### Recorded information:
"""

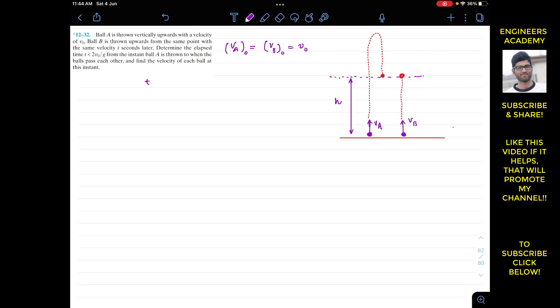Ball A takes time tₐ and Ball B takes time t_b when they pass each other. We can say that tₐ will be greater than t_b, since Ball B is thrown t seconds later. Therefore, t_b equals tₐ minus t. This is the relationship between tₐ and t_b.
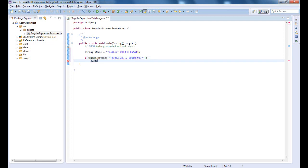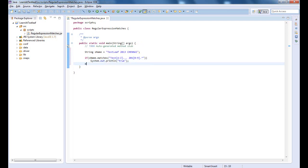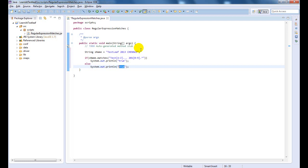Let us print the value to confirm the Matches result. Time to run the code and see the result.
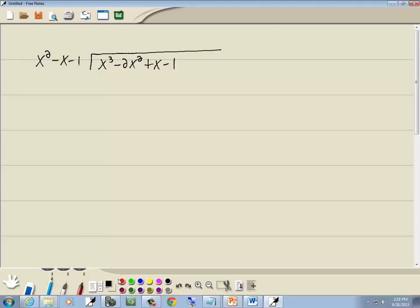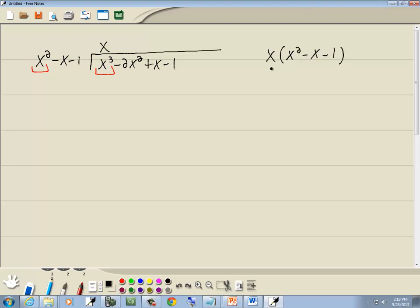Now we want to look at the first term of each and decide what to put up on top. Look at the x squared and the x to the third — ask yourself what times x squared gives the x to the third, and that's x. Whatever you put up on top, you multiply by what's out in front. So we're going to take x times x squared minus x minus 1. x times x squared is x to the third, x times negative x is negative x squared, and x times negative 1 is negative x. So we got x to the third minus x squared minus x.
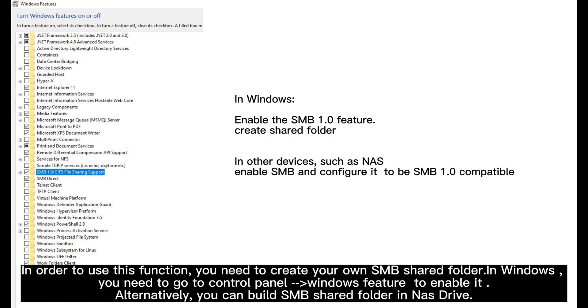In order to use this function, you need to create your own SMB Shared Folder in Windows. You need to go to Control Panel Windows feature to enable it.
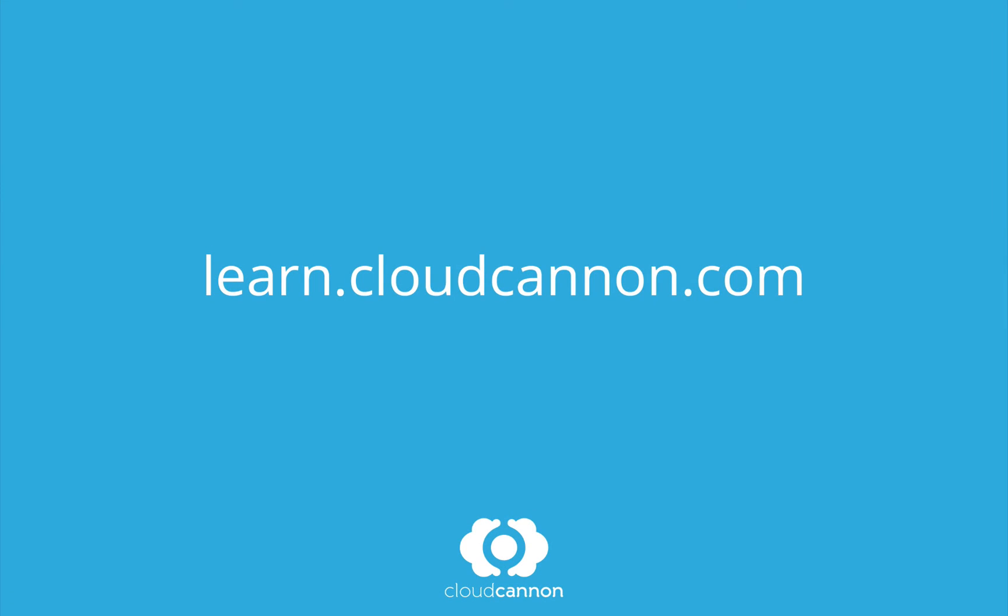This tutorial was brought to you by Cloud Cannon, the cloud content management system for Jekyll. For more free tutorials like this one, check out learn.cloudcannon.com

"""
"""

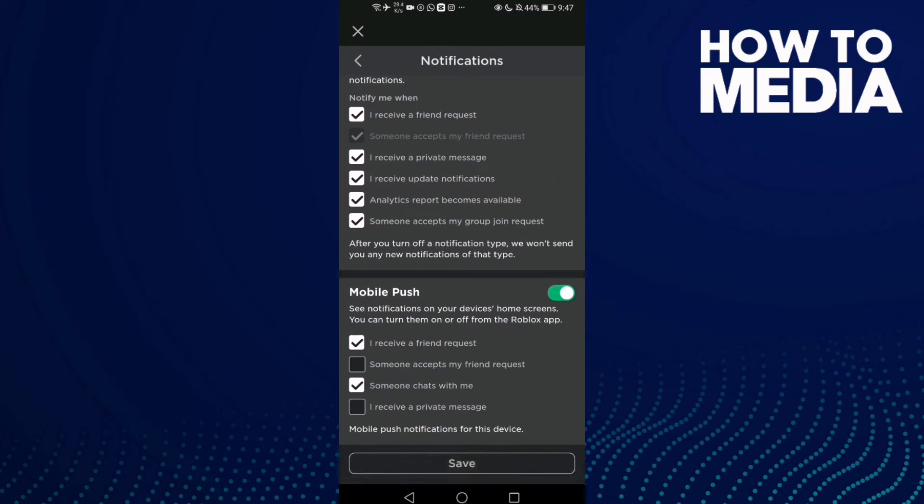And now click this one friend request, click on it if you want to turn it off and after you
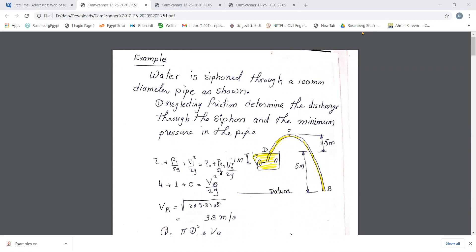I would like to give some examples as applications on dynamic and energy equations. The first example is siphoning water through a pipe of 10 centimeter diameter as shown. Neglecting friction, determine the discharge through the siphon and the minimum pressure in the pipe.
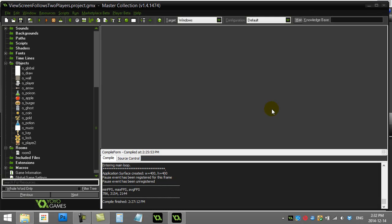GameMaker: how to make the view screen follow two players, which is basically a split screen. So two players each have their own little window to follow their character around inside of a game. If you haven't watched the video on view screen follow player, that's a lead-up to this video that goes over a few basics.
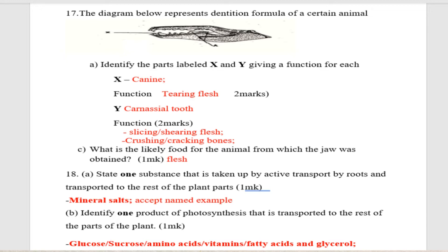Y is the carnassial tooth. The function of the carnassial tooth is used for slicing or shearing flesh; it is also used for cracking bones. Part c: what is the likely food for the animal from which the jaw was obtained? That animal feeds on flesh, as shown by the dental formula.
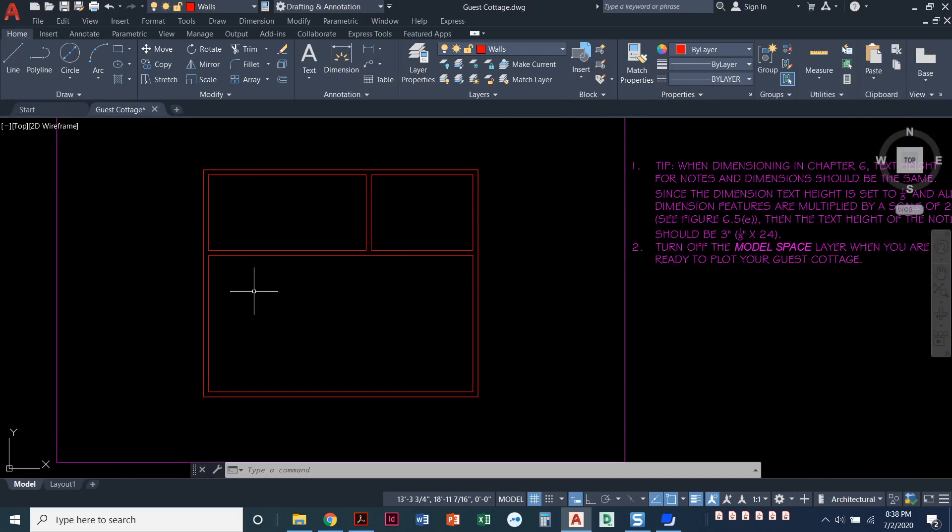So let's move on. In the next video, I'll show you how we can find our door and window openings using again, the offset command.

"""

Leave out every picture, and copy exactly the lines above starting at the one holding "Y is the carnassial" and ending at the one holding "So let's move", no more and no less.

### Task answer:
Y is the carnassial tooth. The function of the carnassial tooth is used for slicing or shearing flesh; it is also used for cracking bones. Part c: what is the likely food for the animal from which the jaw was obtained? That animal feeds on flesh, as shown by the dental formula.
So let's move on. In the next video, I'll show you how we can find our door and window openings using again, the offset command.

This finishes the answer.